One teacher stands out though because she was willing to work with me and students to get around their learning difficulties. Keep in mind though that when she first found out that two of my students would be in her broadcast journalism class, I thought she would blow a gasket. She was quite concerned about teaching them because she was responsible for the newspaper and the daily TV news program made by the students. J. had Down Syndrome and D. was Mentally Disabled/Autistic. We worked closely together to decide what skills they could do and what accommodations would be made. In fact, we probably touched base at least once a week. By the end of the year, D. was the weatherman on our daily news channel and J. helped with the equipment. The other students loved them and were pretty protective towards them but I really feel this attitude came from the teacher and how she treated my students. In fact, the teacher’s attitude changed so much over the year that she requested that they take second year of her course the following year. This teacher was amazing because she overcame her doubts and was so willing to try to work with my students. She could have said they were too “slow” and found reasons why they shouldn’t be in her class, but she didn’t.
My husband was a terrible student when he was in high school and from the stories he tells me, I’m sure that his teachers would have considered him slow. He ended up going in the navy and getting his GED. I have to say (don’t think I’m prejudiced just because he is my husband) but I think he is the most intelligent man I have ever known. As a student he didn’t fit into the mold that other students did and teachers seemed to write him off. I’m proud to say that he recently retired from being a judge and I can’t tell you how many law books he has read. What might have been considered “slowness” in school, tends to be seen as “deliberateness” as an adult and comes in handy when making a decision that could alter a person’s life. Former teachers are shocked when they hear he married a teacher and became a judge. He loves to read textbooks, manuals, and anything that teaches him something new because there is noone pressuring him on how he should be learning.
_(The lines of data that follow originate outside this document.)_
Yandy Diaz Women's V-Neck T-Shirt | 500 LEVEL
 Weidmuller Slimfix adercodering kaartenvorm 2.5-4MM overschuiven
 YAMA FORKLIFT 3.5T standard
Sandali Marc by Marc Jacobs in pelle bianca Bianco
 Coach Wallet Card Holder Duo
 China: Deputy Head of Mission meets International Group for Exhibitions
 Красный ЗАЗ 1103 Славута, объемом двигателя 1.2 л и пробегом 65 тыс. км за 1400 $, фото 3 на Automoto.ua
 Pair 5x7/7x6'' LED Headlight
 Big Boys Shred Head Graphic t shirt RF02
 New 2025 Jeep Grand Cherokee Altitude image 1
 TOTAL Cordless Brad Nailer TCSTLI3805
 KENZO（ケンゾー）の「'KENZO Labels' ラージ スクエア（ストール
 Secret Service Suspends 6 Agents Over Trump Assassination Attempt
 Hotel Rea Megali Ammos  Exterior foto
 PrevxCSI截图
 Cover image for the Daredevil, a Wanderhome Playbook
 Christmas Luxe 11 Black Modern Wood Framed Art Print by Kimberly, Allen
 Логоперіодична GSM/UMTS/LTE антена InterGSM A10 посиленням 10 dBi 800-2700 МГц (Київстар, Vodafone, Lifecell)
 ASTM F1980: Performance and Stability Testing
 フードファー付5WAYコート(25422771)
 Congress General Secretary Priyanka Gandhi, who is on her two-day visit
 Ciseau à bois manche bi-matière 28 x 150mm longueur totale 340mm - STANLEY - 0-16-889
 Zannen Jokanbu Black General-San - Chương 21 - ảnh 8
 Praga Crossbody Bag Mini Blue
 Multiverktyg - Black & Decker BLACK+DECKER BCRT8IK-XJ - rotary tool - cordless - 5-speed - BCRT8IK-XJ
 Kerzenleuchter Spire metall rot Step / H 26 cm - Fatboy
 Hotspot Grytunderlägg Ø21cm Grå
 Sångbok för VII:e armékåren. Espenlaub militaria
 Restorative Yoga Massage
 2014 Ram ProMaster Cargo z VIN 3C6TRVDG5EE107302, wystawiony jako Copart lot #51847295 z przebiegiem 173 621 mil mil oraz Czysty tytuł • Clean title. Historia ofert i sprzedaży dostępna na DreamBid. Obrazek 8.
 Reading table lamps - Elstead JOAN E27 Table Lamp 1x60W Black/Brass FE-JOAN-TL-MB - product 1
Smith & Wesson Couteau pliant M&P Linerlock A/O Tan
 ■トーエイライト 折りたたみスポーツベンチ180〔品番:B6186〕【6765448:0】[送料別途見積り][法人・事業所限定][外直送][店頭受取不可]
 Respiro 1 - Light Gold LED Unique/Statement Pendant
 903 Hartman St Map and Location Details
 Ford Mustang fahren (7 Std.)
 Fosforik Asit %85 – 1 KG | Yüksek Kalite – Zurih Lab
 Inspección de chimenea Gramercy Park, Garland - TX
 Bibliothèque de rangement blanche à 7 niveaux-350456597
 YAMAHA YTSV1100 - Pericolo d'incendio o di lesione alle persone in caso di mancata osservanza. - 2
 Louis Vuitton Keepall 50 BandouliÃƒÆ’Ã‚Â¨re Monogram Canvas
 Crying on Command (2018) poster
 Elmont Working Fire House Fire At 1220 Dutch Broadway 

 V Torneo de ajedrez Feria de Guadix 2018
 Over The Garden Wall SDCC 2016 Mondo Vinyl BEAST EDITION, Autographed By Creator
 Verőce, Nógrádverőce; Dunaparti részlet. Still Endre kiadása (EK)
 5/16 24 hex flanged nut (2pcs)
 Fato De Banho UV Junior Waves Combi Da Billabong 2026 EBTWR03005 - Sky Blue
Maybe that is why many students are not successful and drop out of school. Are we worrying too much on how they are learning something instead of being concerned that they are actually learning the concepts and skills we want them to learn? When I taught my students how to do a certain math skill, there was usually more than one way to come up with the solution. Is doing it the exact way the teacher demands more important than coming up with the correct answer as a result of what works best for the student?